Une autorité de la concurrence peut vérifier la conformité au RGPD

Le réseau social arguait que l’autorité de la concurrence allemande n’était pas compétente pour contrôler la conformité d’un traitement de données au RGPD dans le cadre d’une enquête pour abus de position dominante. Pour la Cour, cette possibilité « peut s’avérer nécessaire » et accorde le droit au régulateur « d’examiner également la conformité du comportement de cette entreprise à des normes autres que celles relevant du droit de la concurrence, telles que les règles du RGPD ». Cela ouvre la possibilité de contentieux supplémentaires sur le RGPD sous l’aspect droit de la concurrence.

La juridiction émet quelques réserves à cette compétence. Le régulateur de la concurrence ne doit pas « se substituer aux autorités de contrôle mises en place par ce règlement ». Elle plaide pour une concertation et coopération entre les différentes autorités (concurrence et protection des données personnelles). Enfin, l’autorité de la concurrence doit vérifier que « le comportement ou une attitude similaire a déjà fait l’objet d’une décision par l’autorité de contrôle compétente ou par la Cour ». Elle ne pourra alors pas s’en écarter.

Une absence de consentement pour le superprofilage

L’autre partie de l’arrêt concerne spécifiquement le « superprofilage » mené par Meta en combinant les données des utilisateurs collectées à l’intérieur et à l’extérieur de Facebook. Comme toujours dans ces circonstances, la question du consentement est au centre des discussions en particulier sur les données dites sensibles. Et la Cour constate en l’espèce que ces dernières sont caractérisées, car elles « sont susceptibles de révéler entre autre l’origine raciale ou ethnique, les opinions politiques, les convictions religieuses ou l’orientation sexuelle ». Le traitement de ces données est en principe interdit par le RGPD, mais la CJUE en renvoie l’appréciation aux juridictions nationales.

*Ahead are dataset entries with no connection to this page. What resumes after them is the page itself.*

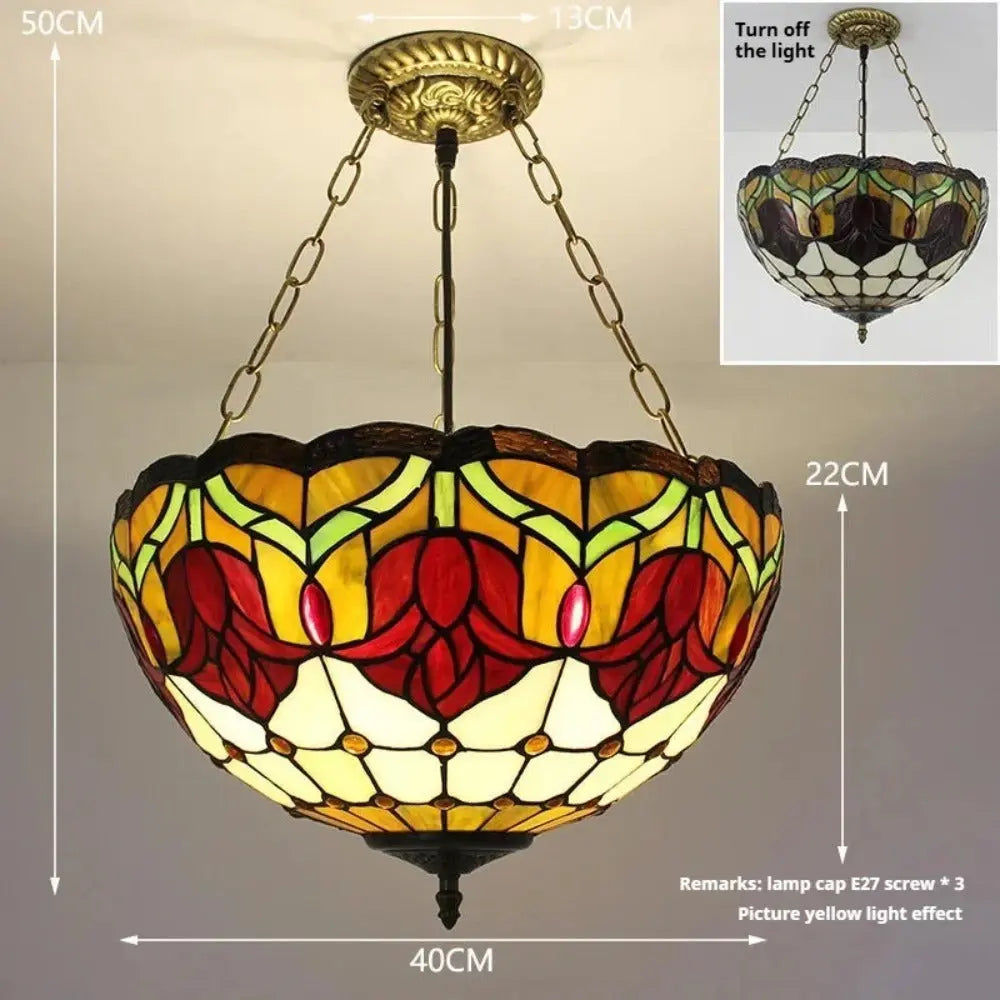 16inch 40cm Stained Glass Tulip Floral Vintage Anti-chandelier Tiffany Pendant Light - CTL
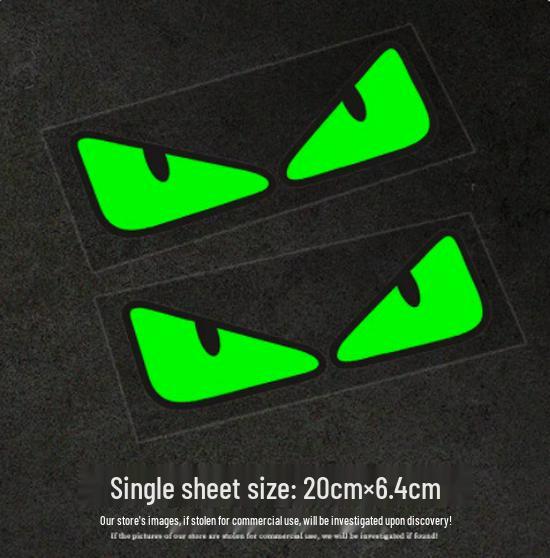 Reflective Devil Eyes Stickers: Creative, Funny Motorbike Expression Decals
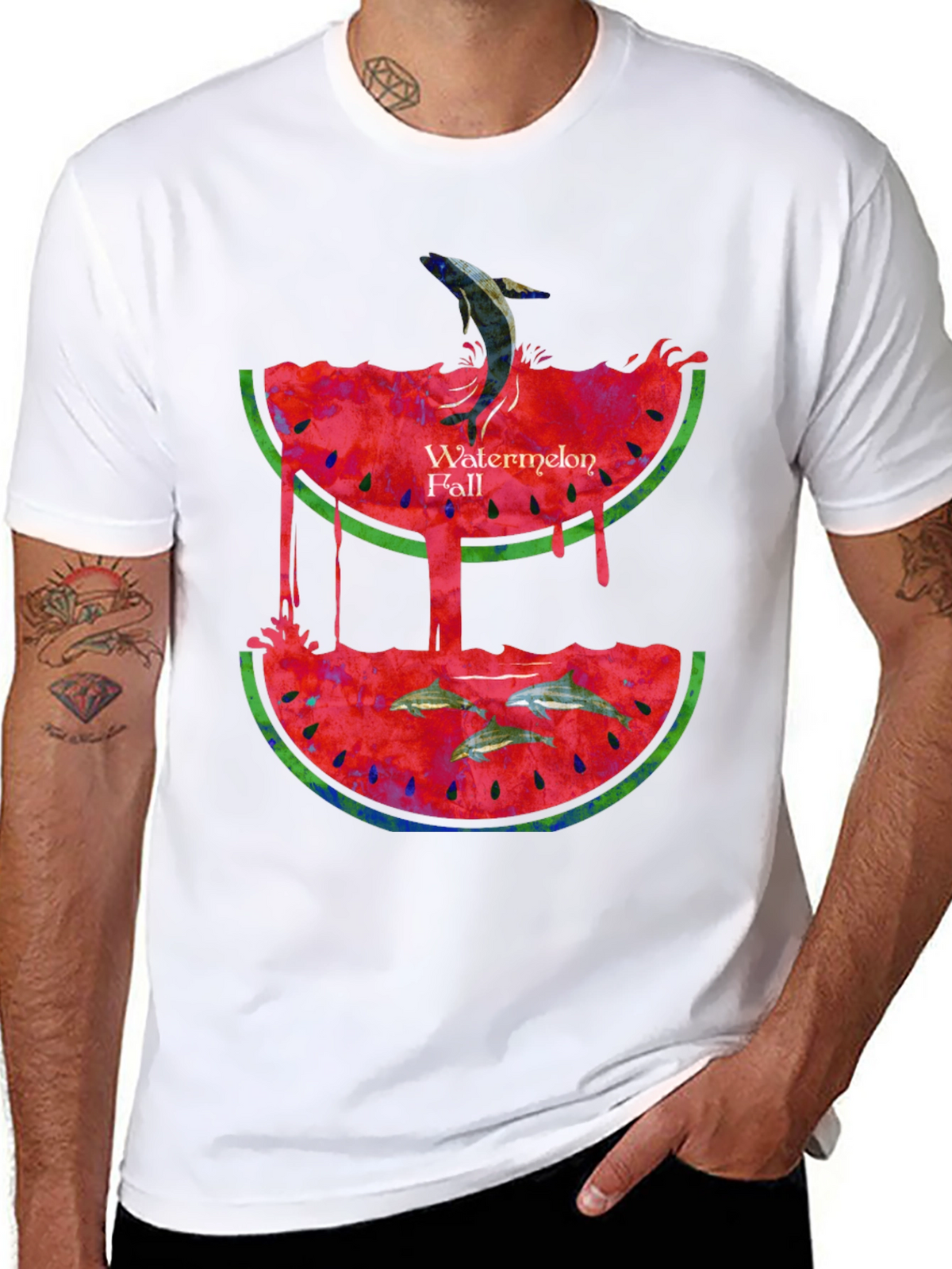 Watermelon Fall Graphic Print T-Shirt
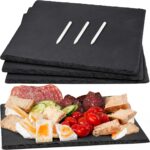 12 x 10 In 4 Pack Slate Cheese Boards, Black Stone Plates Charcuterie Board Gourmet Serving Tray Cheese Platter with Chalks for Sushi, Party, Gifts, Fruit, Meat, Appetizer, Wedding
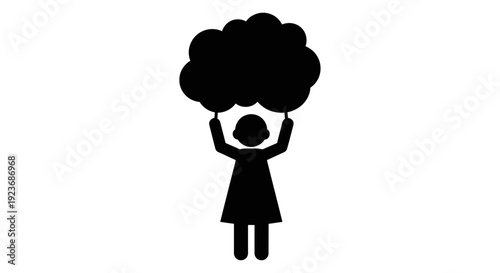 Woman holding big cloud on head byo 180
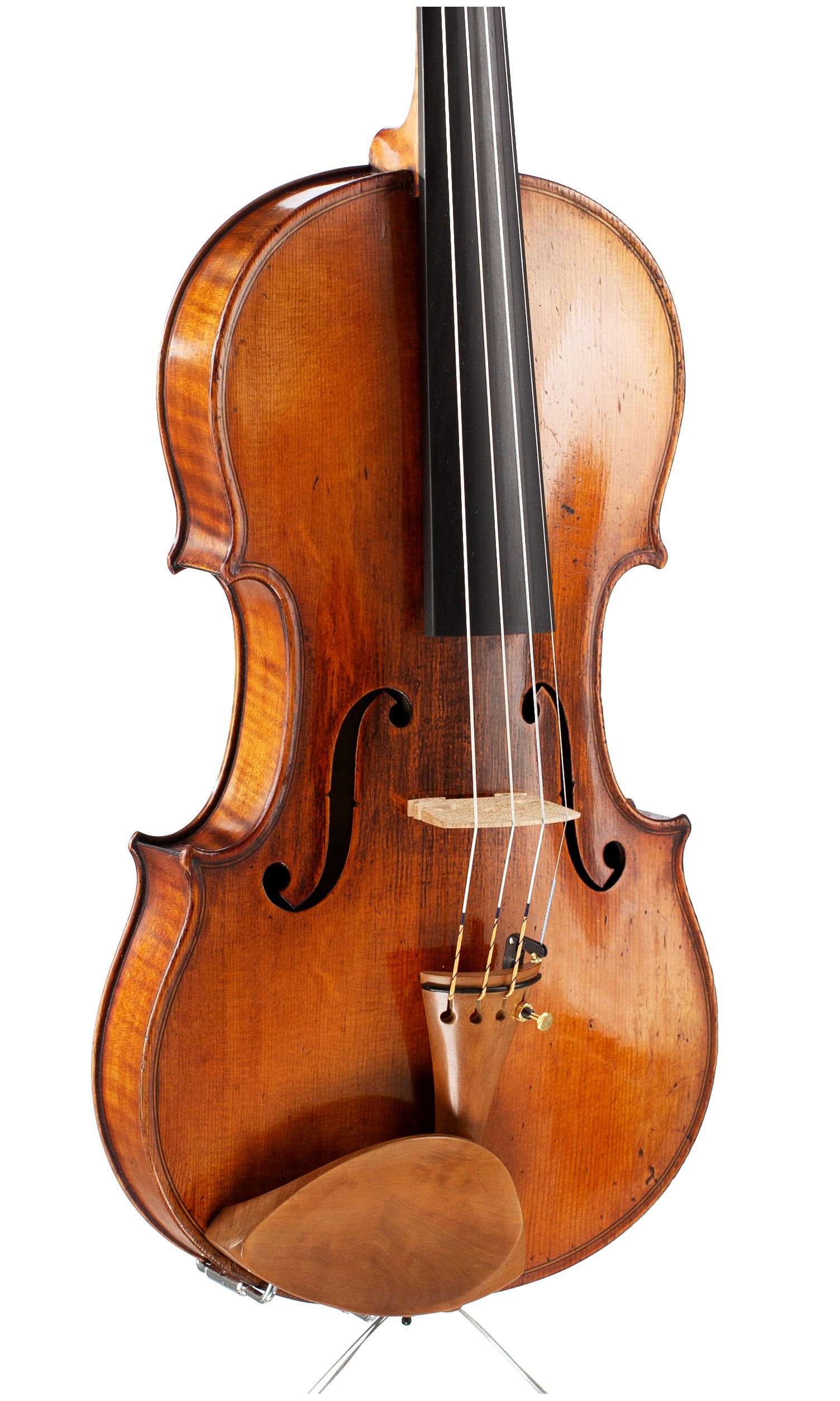Violin, Workshop of Grandjon, Mirecourt, 19th Century — angled view, 30°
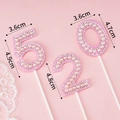 Pink number 520 cake toppers decorated with pearls and rhinestones for celebrations - Pearl 520 Pink 5sets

La Cour balaye plusieurs arguments de Meta concernant la justification du traitement des données sensibles. « Le seul fait qu’un utilisateur consulte des sites Internet ou des applications ne signifie nullement qu’il rend manifestement publique ses données ». Il n’y a donc pas de présomption de consentement par défaut. De même quand l’utilisateur « insère des données dans tel site ou telle application » ou « active des boutons de sélection », à moins « d’avoir explicité son choix au préalable ». Enfin sur le consentement des données non-sensibles, Max Schrems résume dans un message la position de la Cour « au lieu d'avoir une option 'oui/non' pour les publicités personnalisées, ils ont simplement déplacé la clause de consentement dans les termes et conditions générales. Ce n'est pas seulement injuste, c'est aussi clairement illégal ». Il reste maintenant à savoir la réaction de Meta à la suite de cet arrêt.